Being a good citizen molded by capitalism, I feel compelled to write today, to produce, to create novelty, even though much of my mental energy has been already spent in writing a music review that I’m thoroughly ashamed of. Good pop music often aspires to avoid attention; it seeks to seem as if its always been a part of your life’s soundtrack, mirroring your emotional highs and lows, adapting fluidly to suit your personal dramas. It seeks to be transparent, so its lens magnifies the listener and not the people who made it. But when you review pop music, you go against the grain of all of this: you listen very carefully and pay close attention to the music, you look for signs of the performers’ specific talents and peccadillos, you are acutely aware that the album is new to you, not yet integrated into your life and most likely never will be. It’s an extremely artificial condition under which to appreciate pop music, which really isn’t meant to be appreciated so much as tolerated, deployed, used as an extension of self. There is no objective point from which to assess pop music, since its function is to bridge the personal to the social, to give your private thoughts some kind of clearer expression, and feel that they are shared by others, legible to others in music form. So the review is a futile exercise in disguised publicity, since what you write about it typically matters far less than the fact that its simply being covered. This is why reviews are being supplanted by lists, because all readers really want is a cribsheet for things they should be aware of, and perhaps a sentence or two of why.
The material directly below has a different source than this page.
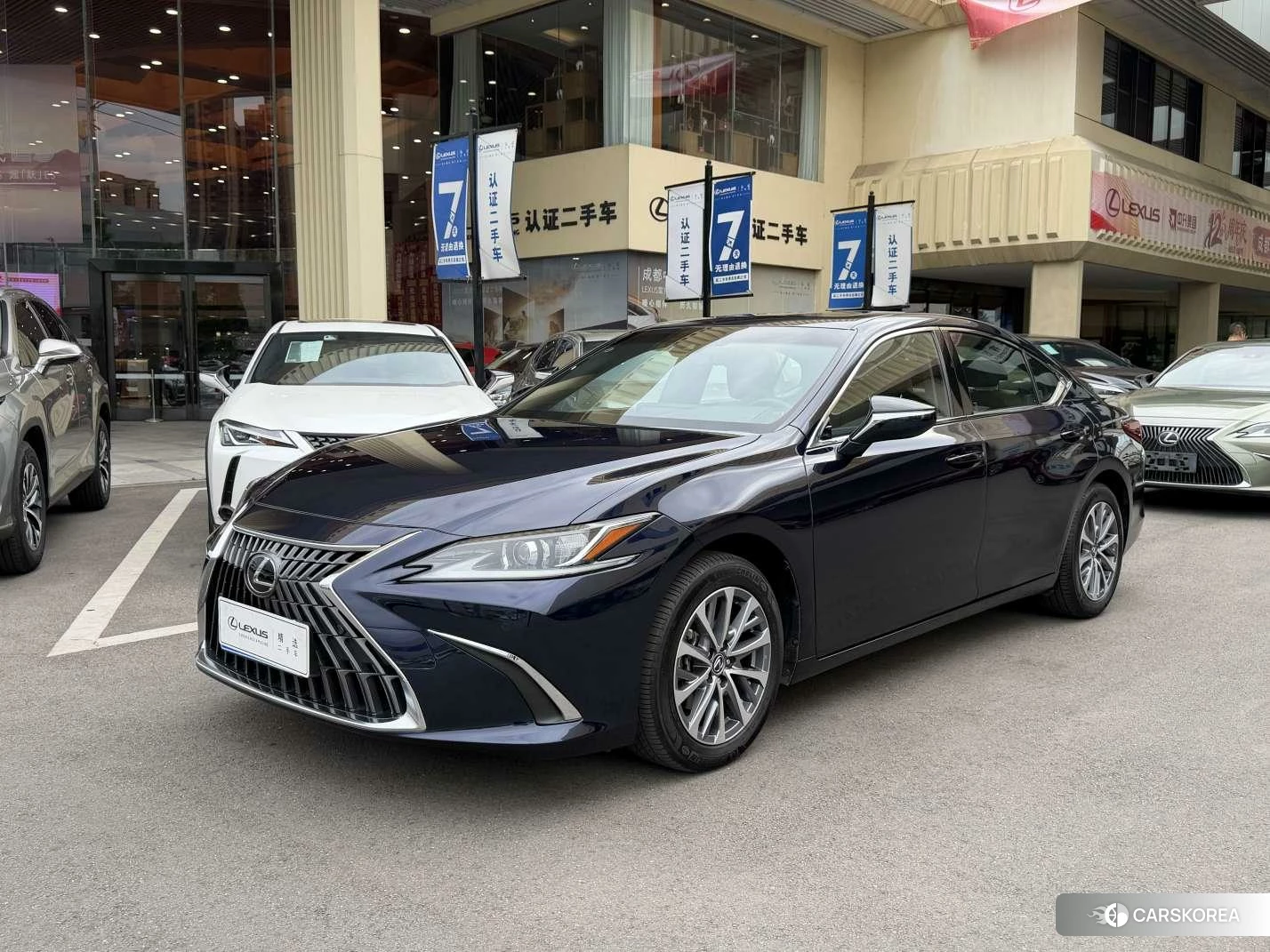 Lexus ES 2022 Синий из Китая, фото 2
These lists are especially emblematic of American culture because they epitomize the quantitative nature of it. American culture is about managing quantities, about maximizing our cultural throughput; this allows our consumption behavior to match our production behavior — we are maximizing utility, consuming the most amount of stuff we can in our cherished leisure time. But most of us sort of hate these lists even as we feel compelled to read them. I had this feeling reading the Village Voice Pazz and Jop lists, those irresistible annoyances; I need to see the list to have some context for my own preferences, which are then subtly altered by the list itself, which works to bring me in line, normalize my critical tastes the way essay-test graders must be normalized, trained to agree the other graders what consititutes passing or non-passing. Criticial criteria has to be social to have any kind of relevance to anyone besides yourself, I suppose. But well-trained in the supposed supreme autonomy of our tastes, we struggle against this, balk at the creeping sense that our tastes are not ever formed in a vacuum. Our tastes are always deriviative, regardless of capitalist propaganda celebrating our unique preferences as signs and expressions of the blessed pure freedom it grants us. We know we need to read lists like the Village Voice to develop our taste and hone it, bring it within the realm of acceptable, yet we also stubbornly believe that our tastes need no shaping, no normalizing, and are absolutely ontologically perfect they way they were born into us. Encouraged by consumer-capitalist prerogatives to believe our tastes, our consumption preferences, reveal our true inherent selves, we feel our soul being robbed from us when we read these lists and become aware at how they are molding us — suddenly the true self is muddled, cluttered with “inauthentic” socially influenced preferences.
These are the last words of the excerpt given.